Avec ce film, on a l’impression de renouer avec un cinéma des origines. Une entreprise plus occupée à faire de belles choses, que d’infléchir encore et encore le scénario, pour ramasser encore plus de roubles dollars.

Pourtant la critique française s’est montrée dédaigneuse. Mais peut-être qu’elle ne fait que participer bêtement à ce stupide sentiment antirusse, propagé par nos médias et quelques intellectuels reculés.

  • (*) J’ai l’occasion de me déplacer à Moscou, il n’y a pas si longtemps. Et j’ai été impressionné par la dignité de tout un chacun.
  • C’est aussi le cas pour mes amis expatriés, qu’ils (en fait qu’elles) soient russes, biélorusses, géorgiens (il) ou ukrainiens (il et elles), outre leur caractère passionné avec leurs impressionnants hauts et leurs gigantesques bas (on comprend mieux ce que sous entend l’attraction des « montagnes russes ») – On pourrait parler de « classe », ce qui ne manque pas de piquant, pour ceux qui en tout cas auraient pu avoir des tentations communistes !

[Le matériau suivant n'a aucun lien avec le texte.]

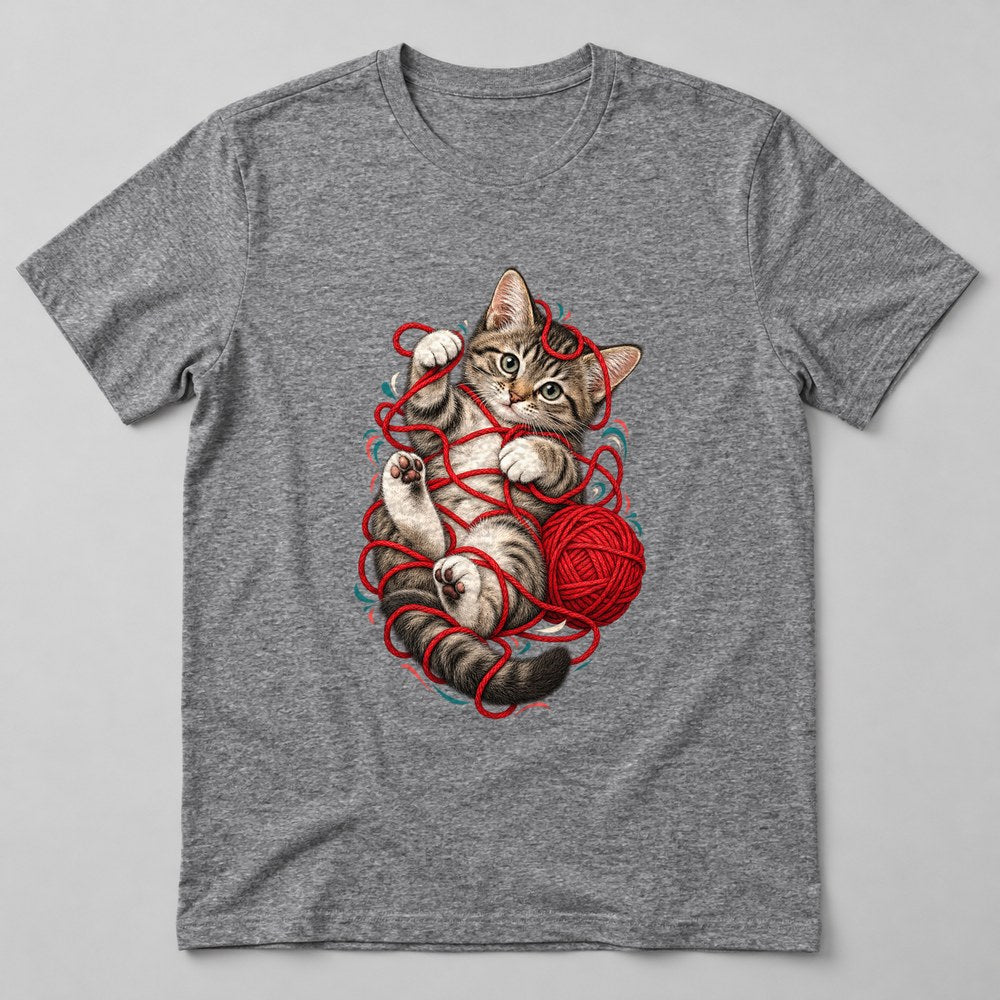 Kitten Yarn T-Shirt in Heather Grey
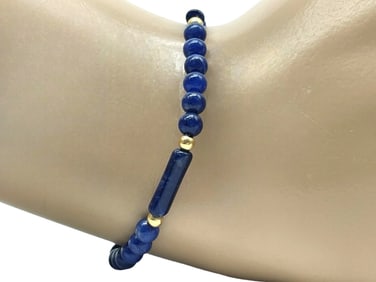 14K GOLD AND LAPIS BEADED BRACELET 3.85G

  • Les États-Unis m’ont laissé une impression plus mitigée, alors que je suis fondamentalement libéral. C’est un comble.
  • (**) Le cinéma d’action américain cède pratiquement à chaque fois au manichéisme. Avec d’un côté des méchants bien méchants et nécessairement punis à un moment, et de l’autre ses éternels gentils héros, toutes stars de l’écran. L’égoïsme et l’héroïsme « people » sont montés tous deux en épingle.
  • Ces films US n’oublient pratiquement jamais non plus, de nous infliger la cavalerie, sous la forme de leur bienveillante armée. Elle est présente, même quand on ne lui demande rien.
  • Le code hays doit cacher une clause d’instruction civique interne ou de propagande externe, à destination des barbares que nous sommes selon eux. Il faudra que je le relise.
  • En tout cas dans ce film de l’Est, je n’ai pas vu un seul uniforme militaire.
  • (***) Pour une fois, on n’est pas obligé de nous farcir cette poignée d’artistes qui squatte le cinéma d’action américain. Celui qu’on nous impose, après qu’il ait anéanti tout le reste. Des artistes tellement connus, et qui jouent tellement leur propre rôle, que dès qu’on les voit, on sait tout ce qui va arriver.